## Source data:

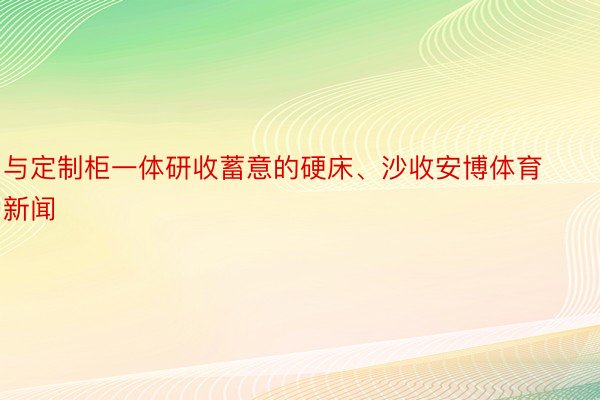 与定制柜一体研收蓄意的硬床、沙收安博体育新闻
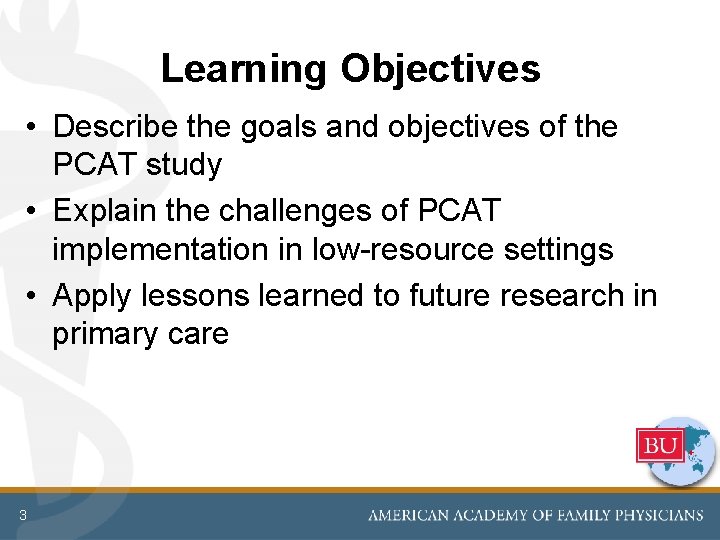 Learning Objectives • Describe the goals and objectives of the PCAT study • Explain Learning Objectives • Describe the goals and objectives of the PCAT study • Explain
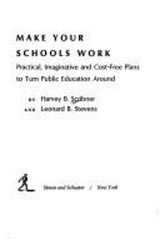 Make Your Schools Work Hardcover Leonard B., Scribner, Harvey B.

## What the task asks:
Please give the data again in full, exactly as written, but without any images.

## Answer for this exercise:
 与定制柜一体研收蓄意的硬床、沙收安博体育新闻
 Learning Objectives • Describe the goals and objectives of the PCAT study • Explain Learning Objectives • Describe the goals and objectives of the PCAT study • Explain
 Make Your Schools Work Hardcover Leonard B., Scribner, Harvey B.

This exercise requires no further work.